TASK ITEM »
Copy the following data exactly and drop the pictures.

DATA SECTION »
=== Begin Enclosure ===

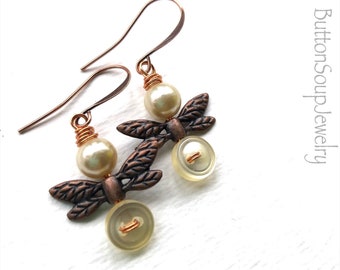 Winged Button Earrings with Pearl Beads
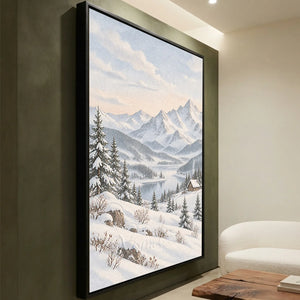 Serene Winter Mountain Lake Painting #NM570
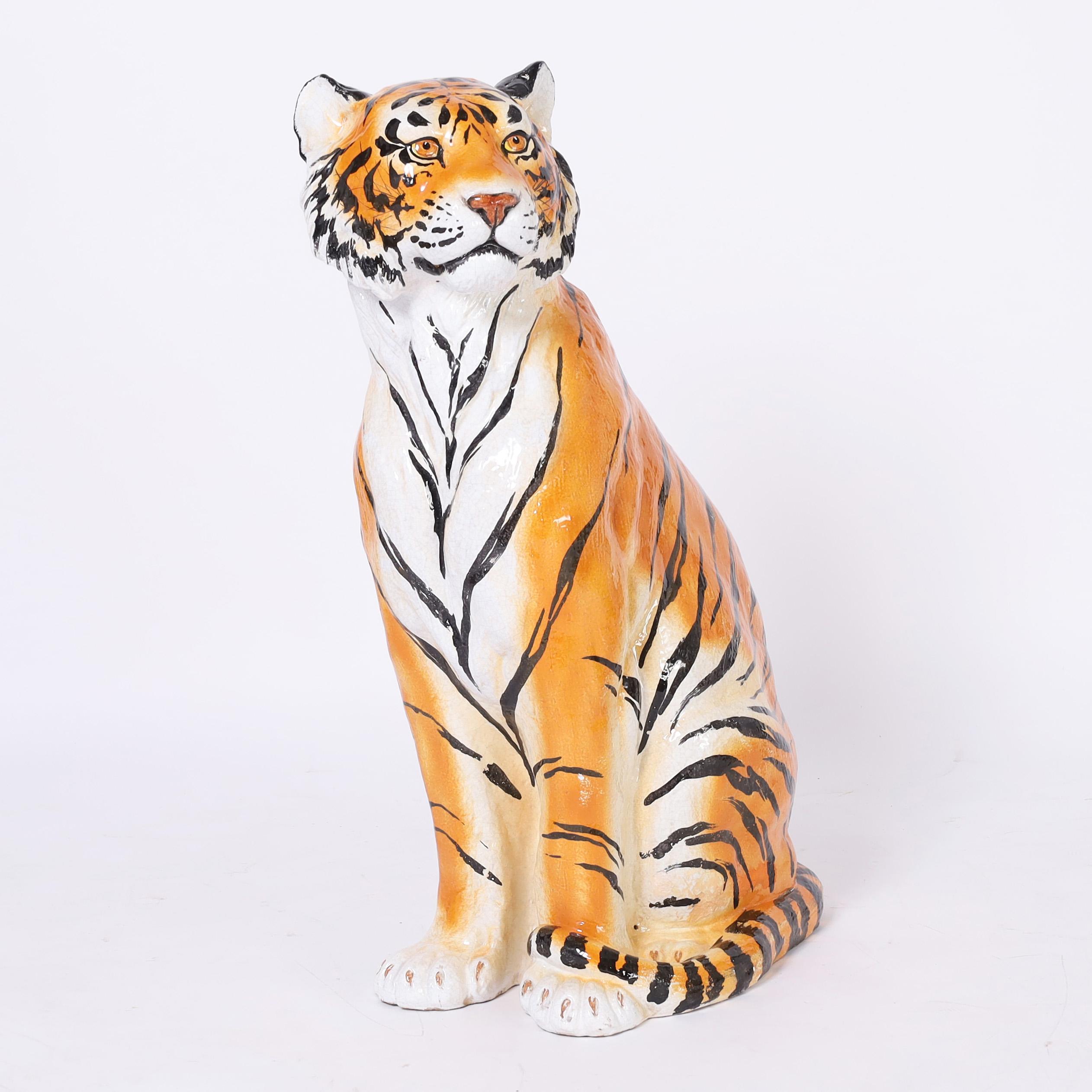 Italienischer glasierter Terrakotta-Tiger im Vintage-Stil – Sculpture von Unknown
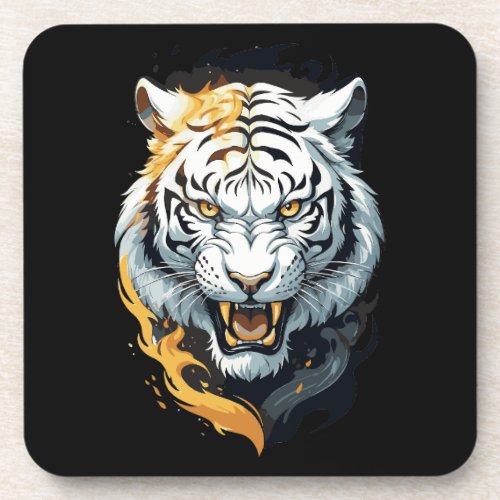 Fiery tiger design beverage coaster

=== End Enclosure ===

WRITTEN REPLY »
 Winged Button Earrings with Pearl Beads
 Serene Winter Mountain Lake Painting #NM570
 Italienischer glasierter Terrakotta-Tiger im Vintage-Stil – Sculpture von Unknown
 Fiery tiger design beverage coaster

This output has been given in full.